In time, the “Tale of Two Americas” came to also describe a social-cultural-political divide in the United States.
Here too, Addison was ahead of the game. In 2011 he noticed many similarities between the tea party and the Occupy movement — more similarities than tea party readers cared to admit. (More hate mail!)
But by 2015 and 2016, the mutual disaffection with Wall Street and Washington had morphed into huge support for anti-Establishment candidates. The Occupiers gravitated to Bernie Sanders. The tea partiers drifted toward Donald Trump.

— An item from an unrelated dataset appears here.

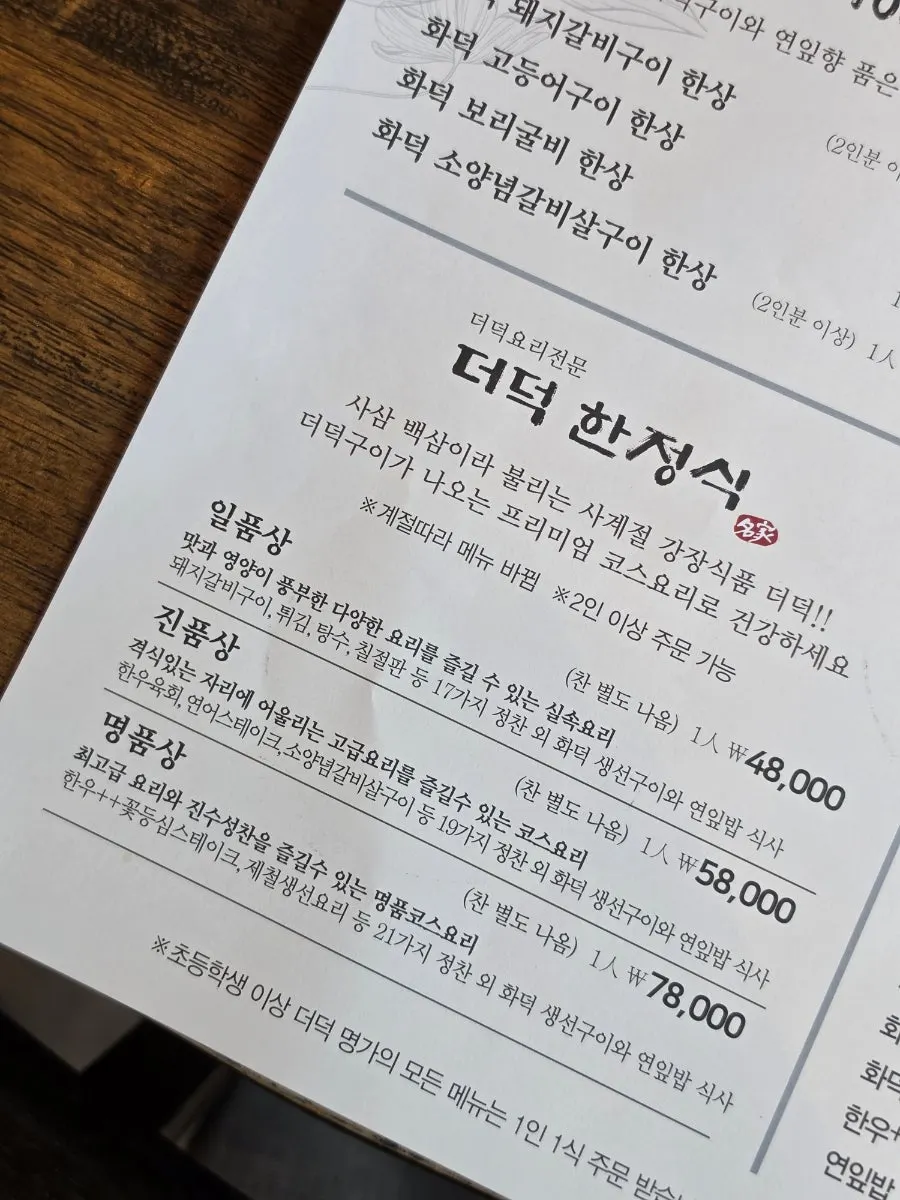 Pork ribs, mackerel, and dried yellow corvina set-menu options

Both of them rejected the Bush-Clinton Establishment consensus that resulted in — well, among other things, the chart with which we started today’s episode of The 5.
In the end, one of Agora Financial’s leading analysts forecast a Trump victory — itself an outside-the-mainstream call, even in the days and hours before Election Day.
Meanwhile, as the 2010s wore on, Addison dialed back his public profile even more — handing off the reins of The 5 to yours truly so he could spend more time mentoring a new generation of financial publishers.
That work has paid off handsomely in Agora Financial’s spectacular growth. Just one “metric” of that growth: The 5’s readership has more than doubled in three years, from 148,000 to 335,000.
And now you’re about to reap the rewards of Addison’s efforts. Tomorrow at 2:20 p.m. EST, we reveal what might be the biggest announcement yet in Agora Financial’s 14-year history. It could have a massive impact on your retirement.
We’ve created a special event where you’ll get all of the details, absolutely free. But you must RSVP at this link for access.
Once you do, Addison will send you a video right away to clue you in. You don’t want to miss this — one more time, click here for access.
To the markets, which are in risk-on mode thanks to a trade war truce.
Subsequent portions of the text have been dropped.